Bob showed me a great copy of The White Album – number twenty thousand and something. He wanted £350 for it. I felt like I was Hugh Grant in that scene in Four Weddings when he buys a wedding present in an expensive art gallery. “Do you have anything for around forty?” I ventured…
Bob had just the thing. A number up near three hundred thousand, but an original gatefold sleeve, opening at the top and with the black inner sleeves. Discs in very good condition. An early pressing. One problem: No photos.
“What about a rare Abbey Road?” suggested Bob. “This one has a misaligned Apple logo on the back cover”. Looking at my slightly baffled look, Bob explained that some pressings of Abbey Road were rarer than others because of a printer error on the reverse of the cover. It might set me back £25, rather than £20 (or £60 mint rather than £50), but it was a genuine collectors item.
Bob also had a new copy of Let It Be (naked), complete with a 7″ single. I much prefer this version of Let It Be, so that was an easy decision – and it was an original! Another £25, but I had three tricky albums in the bag. The photos? I found a set on eBay, which admittedly had Sellotape marks on the corners, but were clearly authentic and were £15: a lot for photos, but now The White Album was complete and potentially worth more than what I paid.
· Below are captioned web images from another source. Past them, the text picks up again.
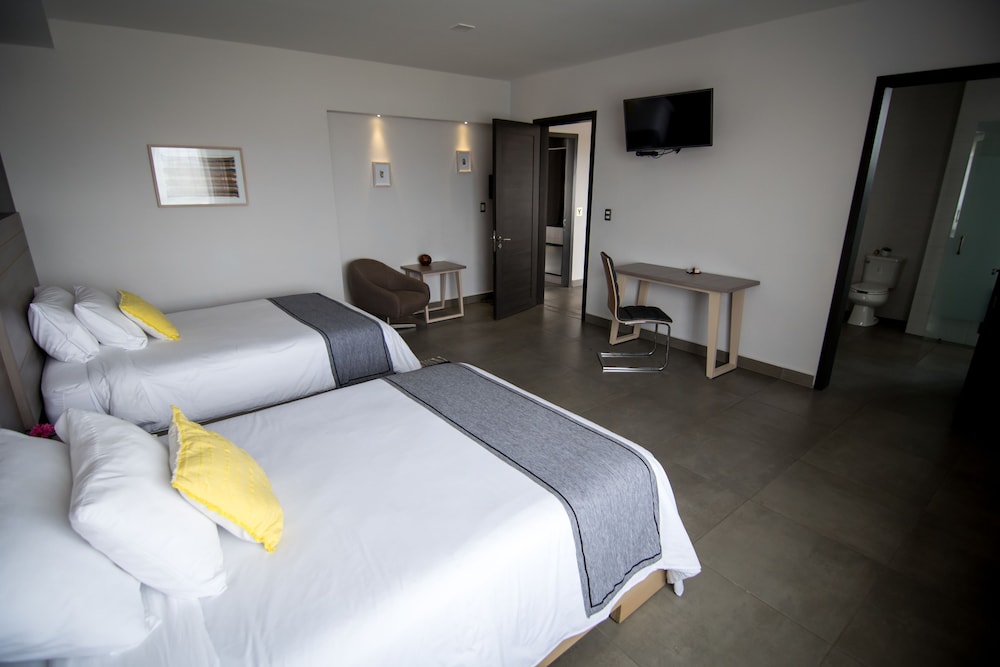Maria Ines Hotel Suite 24/59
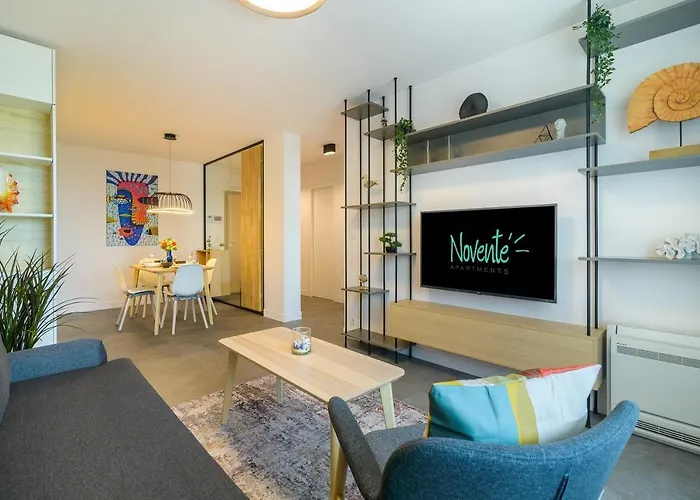 Nobile - Coral Complex With Parking & Pool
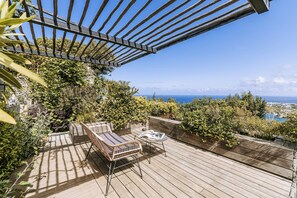 Terrace/patio - Il Pollaio Spacious design house with sea view (Forio)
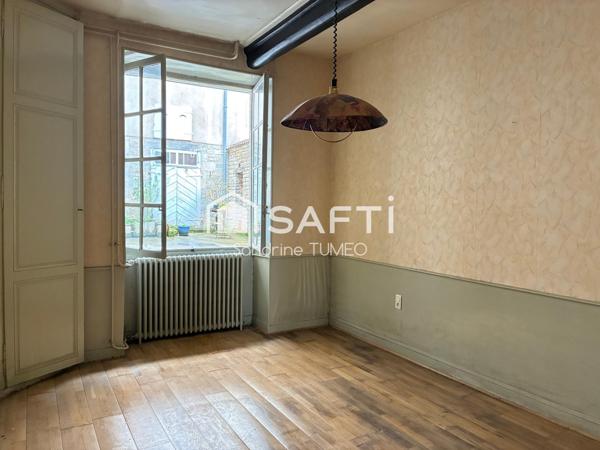 Appartement + Local Commercial avec Fonds de Commerce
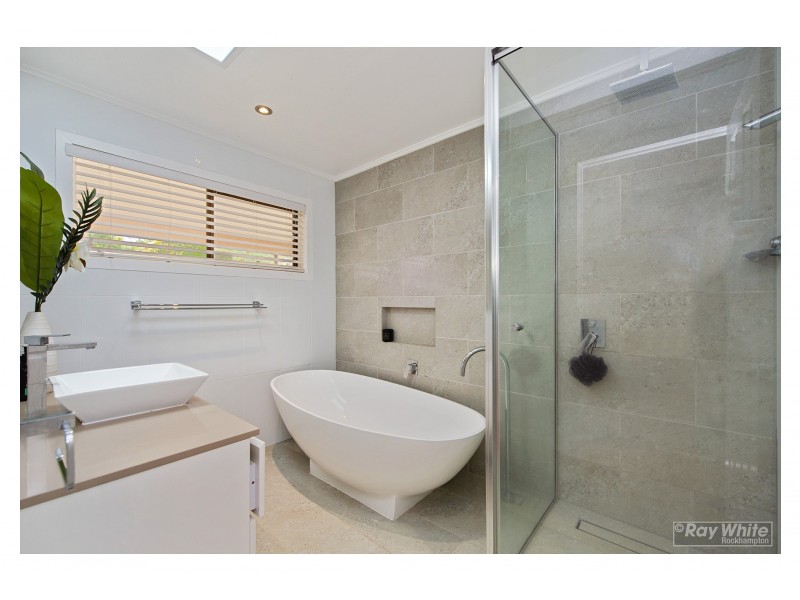 48 MacGregor Street, The Range QLD 4700
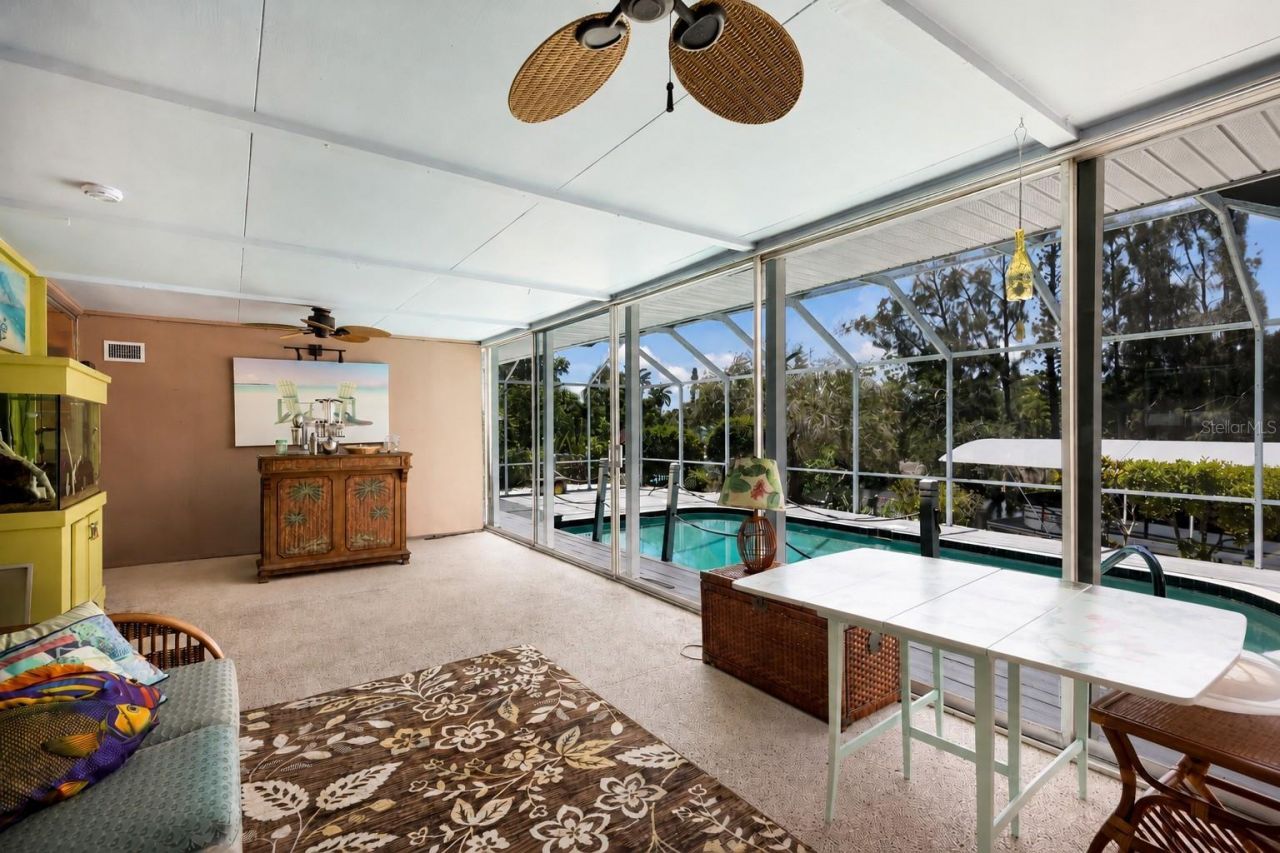 311 Magellan Drive, Sarasota, FL 34243 Photo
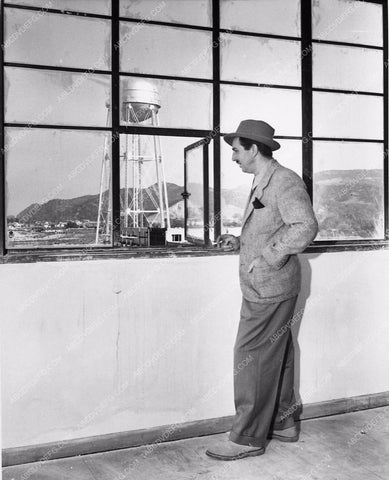 Walt Disney candid 2046-20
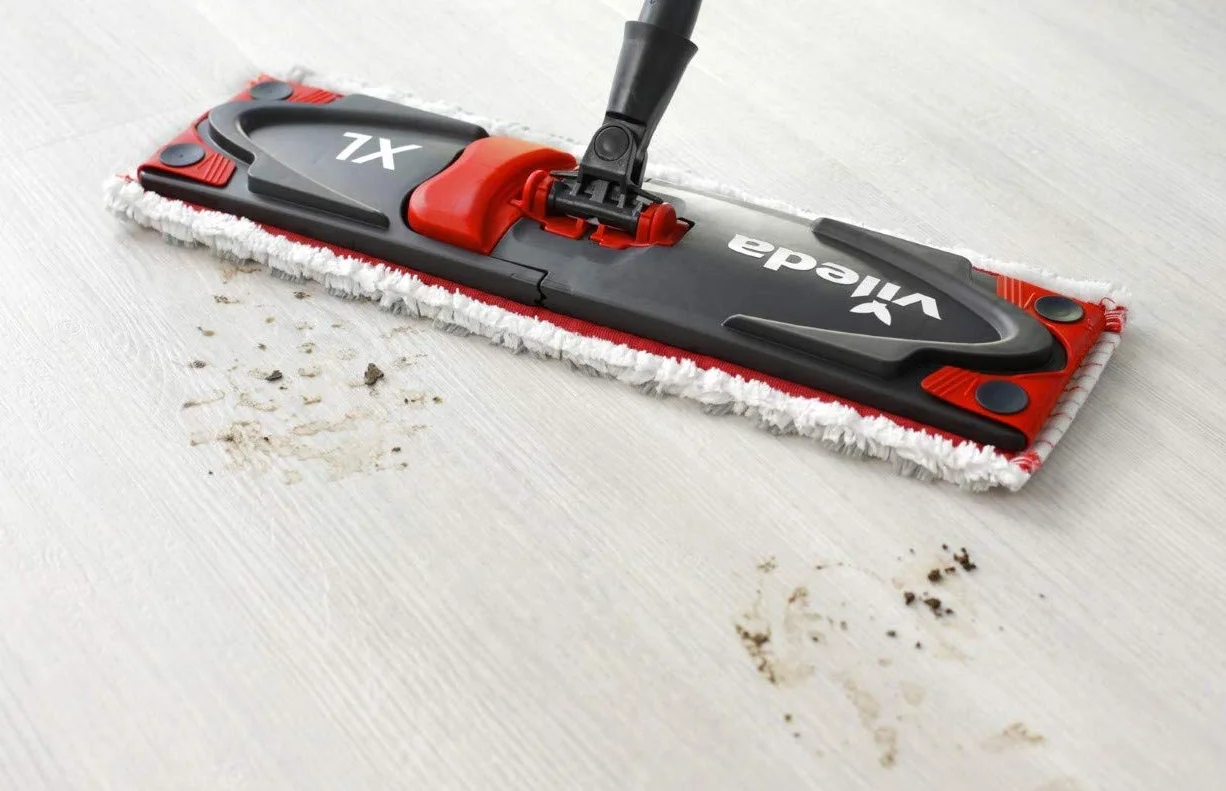 Vileda Ultramat Xl Universal Zestaw Mop i Wiadro, Czarny/Czerwony, XL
That was £105 for the three records. With D-Day approaching, I felt slightly better about the bet. Bob had plenty of stock, but not everything, and I couldn’t quite get under budget. All that was standing between me and the dog-whistle pitched shrieking of Mariah Carey was a couple of bargains, but they didn’t seem to be coming my way.
Southend Record Fair
My hopes were pinned therefore on the local monthly record fair at the local school, which took place on the 14th October – less than a week before the deadline. Bribing the kids with Haribo and the threat of playing Mariah to them, I took them along and began rummaging through one of a huge number of boxes of records all priced at £2 each. My hopes weren’t high, but miracle of miracles, within five minutes I found a copy of Help! The record looked a little worse for wear, and there was no inner sleeve, but the cover was clean enough and for £2 I wasn’t going to argue (see part 2 for a photo of the cover). Boom! I looked through another dozen crates, but to no avail. Four records, £107 – and my first genuinely cheap Beatles record.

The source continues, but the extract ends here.